Key employees of a corporation often receive stock options as part of their compensation package. Employee stock options give the employee the right, but not the obligation, to purchase stock in the corporation at a fixed price on a specified date or during a specified time. When the options are granted, there are restrictions as to when they can be exercised or when the acquired stock can be sold or there may be a risk of forfeiture of the acquired stock until the employee satisfies certain conditions, such as working for the employer a certain number of years. When all restrictions or risk of forfeiture are removed, the options or the acquired stock are said to be vested, meaning the employee has an irrevocable right to the property.

How the options are taxed depends on the type of options, whether there was a discount when the options were granted, and the time intervals between the options grant date, exercise date, and stock sale date. A disadvantage of compensating employees with stock options rather than with restricted stock, however, is that options may lose significant value before they become vested. Restricted stock, on the other hand, will always have some value unless the business becomes financially insolvent.

There are 3 key events in compensating an employee with stock options:

  1. The stock option is granted, at which time the employee pays the option price to receive the grant or receives it as a benefit of employment;
  2. the employee must hold the option for a specified period until it can be exercised, at which time, the employee receives the stock;
  3. the employee sells the stock, and the difference between the proceeds of the sale and the cost of acquiring the stock options is the employee's gain.

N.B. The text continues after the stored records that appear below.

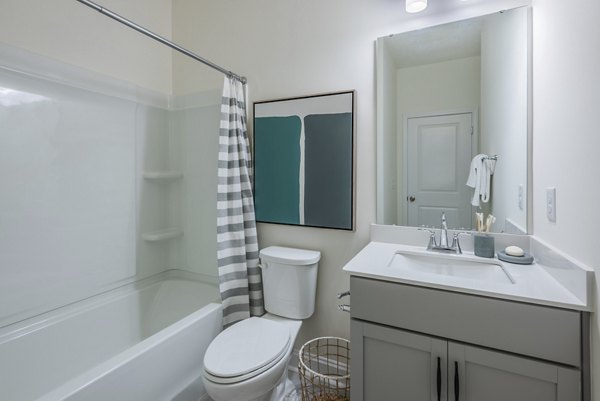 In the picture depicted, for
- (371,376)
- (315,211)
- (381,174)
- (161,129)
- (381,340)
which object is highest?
→ (161,129)

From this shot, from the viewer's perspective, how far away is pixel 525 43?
1328 millimetres

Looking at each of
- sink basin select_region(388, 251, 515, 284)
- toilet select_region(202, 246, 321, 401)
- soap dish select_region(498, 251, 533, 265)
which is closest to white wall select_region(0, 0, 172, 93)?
toilet select_region(202, 246, 321, 401)

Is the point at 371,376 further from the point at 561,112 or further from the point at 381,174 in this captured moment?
the point at 561,112

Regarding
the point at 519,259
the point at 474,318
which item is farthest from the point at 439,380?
the point at 519,259

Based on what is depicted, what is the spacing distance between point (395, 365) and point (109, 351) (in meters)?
1.73

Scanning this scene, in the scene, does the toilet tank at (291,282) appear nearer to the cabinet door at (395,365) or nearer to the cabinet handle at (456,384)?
the cabinet door at (395,365)

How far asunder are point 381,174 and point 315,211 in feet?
1.50

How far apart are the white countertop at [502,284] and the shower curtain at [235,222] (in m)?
0.85

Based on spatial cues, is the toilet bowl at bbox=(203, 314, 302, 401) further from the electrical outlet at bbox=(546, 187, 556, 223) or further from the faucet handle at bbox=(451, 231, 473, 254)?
the electrical outlet at bbox=(546, 187, 556, 223)

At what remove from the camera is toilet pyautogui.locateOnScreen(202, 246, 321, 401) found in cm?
122

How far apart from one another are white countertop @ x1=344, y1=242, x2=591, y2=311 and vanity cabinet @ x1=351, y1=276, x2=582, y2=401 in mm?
27

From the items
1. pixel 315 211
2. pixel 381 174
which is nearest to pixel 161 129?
pixel 315 211

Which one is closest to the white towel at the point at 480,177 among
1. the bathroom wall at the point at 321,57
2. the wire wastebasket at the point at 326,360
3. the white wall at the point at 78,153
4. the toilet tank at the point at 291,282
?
the bathroom wall at the point at 321,57

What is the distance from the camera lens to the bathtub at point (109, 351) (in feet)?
3.90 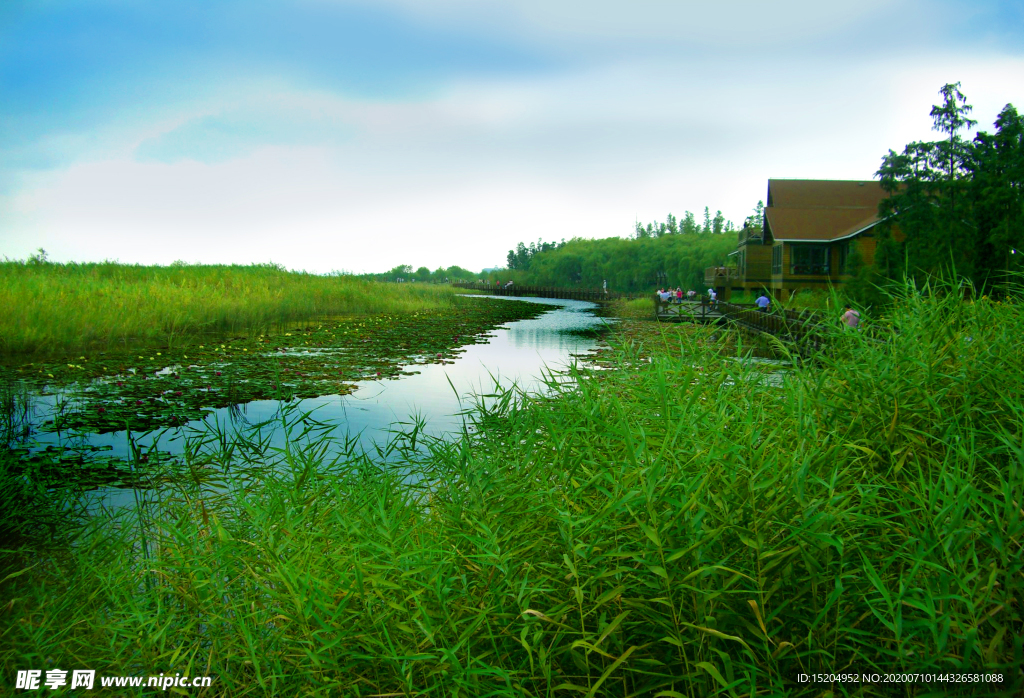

Employee stock option terms range up to 10 to 15 years, usually with the strike price = the stock price on the grant date.

Common features include:

Tax law distinguishes between statutory options, which must comply with IRC §421-424, and includes incentive stock options (ISO) and options purchased under an Employee Stock Purchase Plan (ESPP), and nonstatutory options, which do not qualify under these regulations, but are, instead, subject to the less favorable tax treatment of IRC §83.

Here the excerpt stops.